In many (most?) situations, the problem is one of our own creation where over time we have set the retailer’s and our employee’s expectations, and unfortunately this does not include strong Friday sales (mainly due to a very light sales account load on Friday).
But the entire issue of a Friday for Monday “problem” is an illusion. Here is an example:
1. Assume a once per week account sold on Tuesday and delivered on Wednesday. When the sales rep generates the order, they have to forecast sales for the remainder of Tuesday Wednesday, Thursday, Friday, Saturday, Sunday, and Monday. Notice their forecasting includes a weekend. It must. This is of course a reality since in any consecutive 7 day period, regardless of which day of the week you begin with, there must be a weekend somewhere - clever reasoning, eh? ;-).

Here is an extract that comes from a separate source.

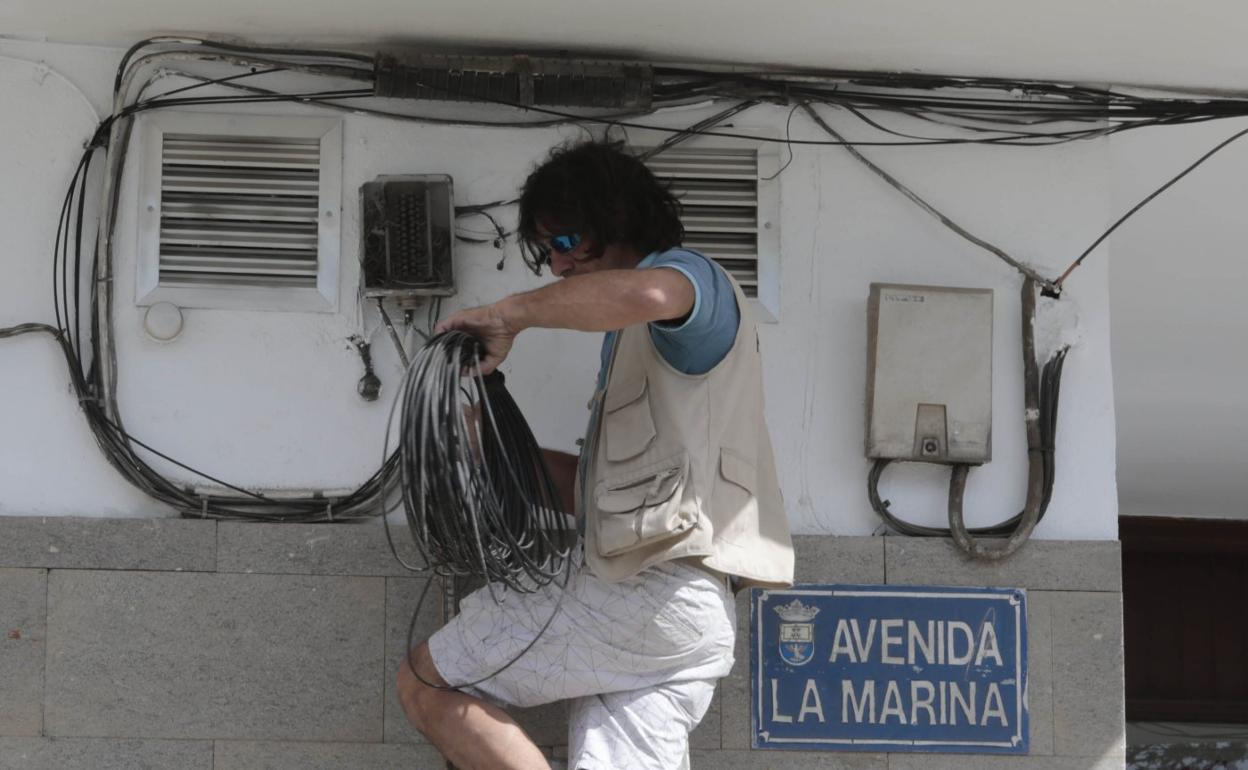 Operario de telefonía.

2. Assume a once per week account sold on Friday and delivered on Monday. Here the sales rep has to forecast sales for the remainder of Friday, Saturday, Sunday, Monday, Tuesday, Wednesday, and Thursday. Once again there is a weekend included. It happens to fall between the sale and delivery but other than that (which really has no meaning other than it is “different”), there is absolutely no difference between the two situations. None. The sales forecasting process is exactly the same.

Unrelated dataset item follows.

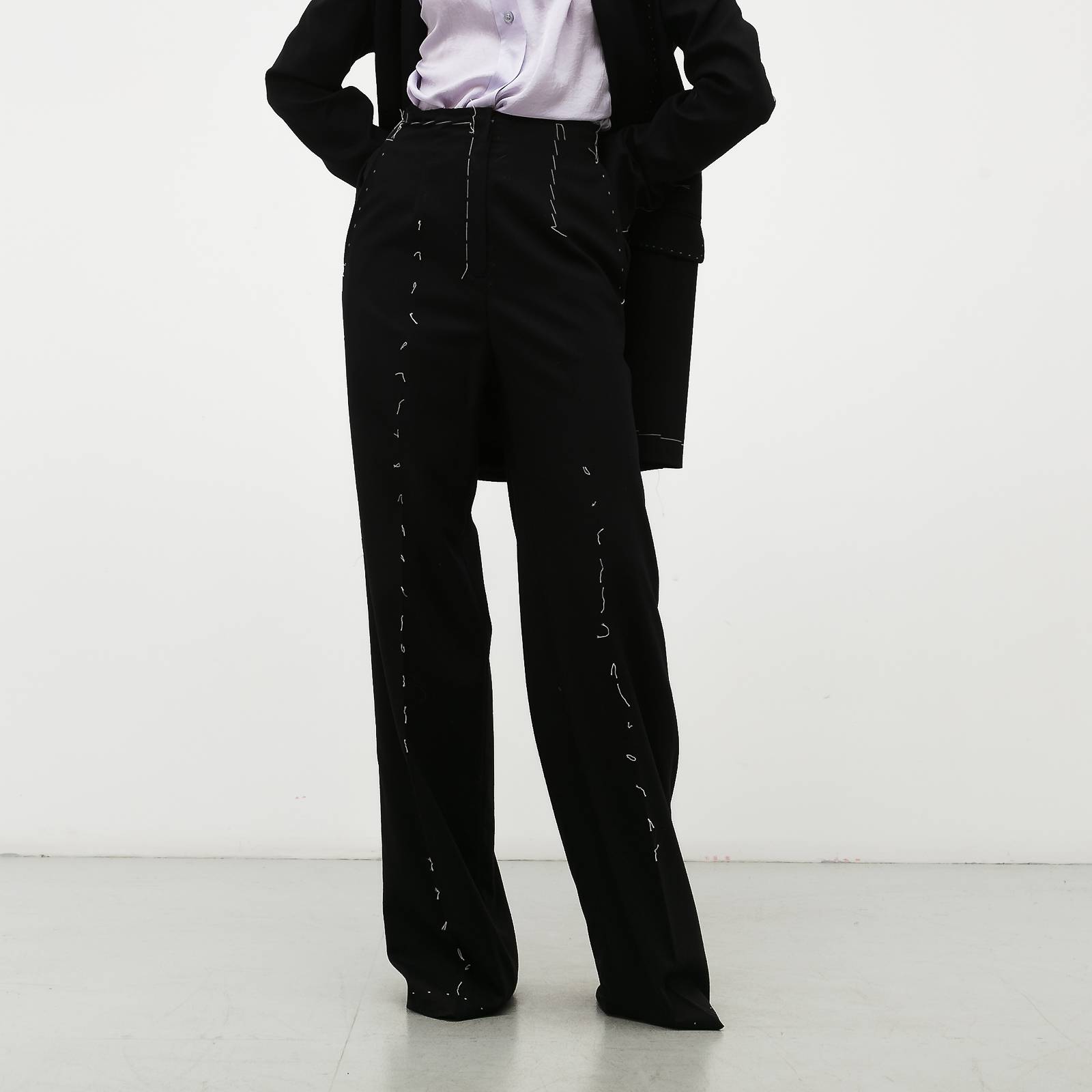 Костюм черного цвета Ruban - фото из каталога магазина брендовой одежды Second Friend Store Костюм Ruban - купить оригинал в секонд-хенде SFS - 4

a. But what if the weather over the weekend is bad? In both situations the forecast includes a weekend. What’s the difference?
b. What if I order too much and don’t need the product? What would the retailer do now? Probably cut the order on delivery. And what would they do in a Friday for Monday situation? Probably the same… so what’s changed?
c. What if I don’t order enough and need additional product? What would the retailer do now? Probably call and request product. And what would they do in a Friday for Monday situation? Probably the same… so what’s changed?
d. For 2X per week service the same holds true.
e. There is only one issue with Friday for Monday (and it is the same for all early week deliveries) and that is inventory. Some retailers would rather have their orders later in the week so they sell it closer to time of delivery (assuming most of their sales occur late in the week and over the weekend). But obviously we can’t deliver every account in our territory at 10:00 am on Friday. At its most extreme, some retailers would prefer just-in-time order replenishment… they sell a case and we immediately deliver another. Remember that the difference between a Friday delivery and a Monday delivery is 3 days. And it not as though every single week they have to “pay” for these three days – it occurs once and then it is exactly the same. It is like taking the slack out of a rope, you only can do it once. And in this example, the “slack” is 3 days, one time. Not a big deal. The financing costs of 3 days of inventory (one time) is measured in the pennies (if that much).
f. In these examples I assume a 24-hour pre-sell operation. There are plenty of wholesalers who operated on 48-hour systems, and they can “some how” adequately forecast sales and get retailers to agree.
3. The solution to these issues:
a. If the sales rep properly uses their route book, they will always write good orders. This is the solution to almost all sales issues. Be the retailer’s beer consultant. MANAGE the account. If you use your route book you know absolutely everything that is happening to your brands in the account.
b. The sales reps must believe. If they don’t believe in Friday for Monday, I can guarantee you the retailers won’t. If they believe AND execute, there will seldom if ever be problems. This is told to me in those 30% of the distributors who have absolutely no problem with this issue.
c. It is worth fighting for… in a five day work week, each day represents 20% of the week. By “giving up” Mondays, we increase our delivery and sales personal and equipment needs by up to 20%! And impact the warehouse as well. As an example, assume we have 40 sales reps and 40 delivery routes but little or no business on Monday. By working to make Monday a “regular” delivery day, we can reduce both work forces by 8 employees each! A savings of over 16 people and all their associated expenses. Give your drivers a raise, increase the overall quality of your work-force, and still drive substantial savings to the bottom-line... but work to make Mondays a regular day. Your problems may be real, but they are founded on an illusion.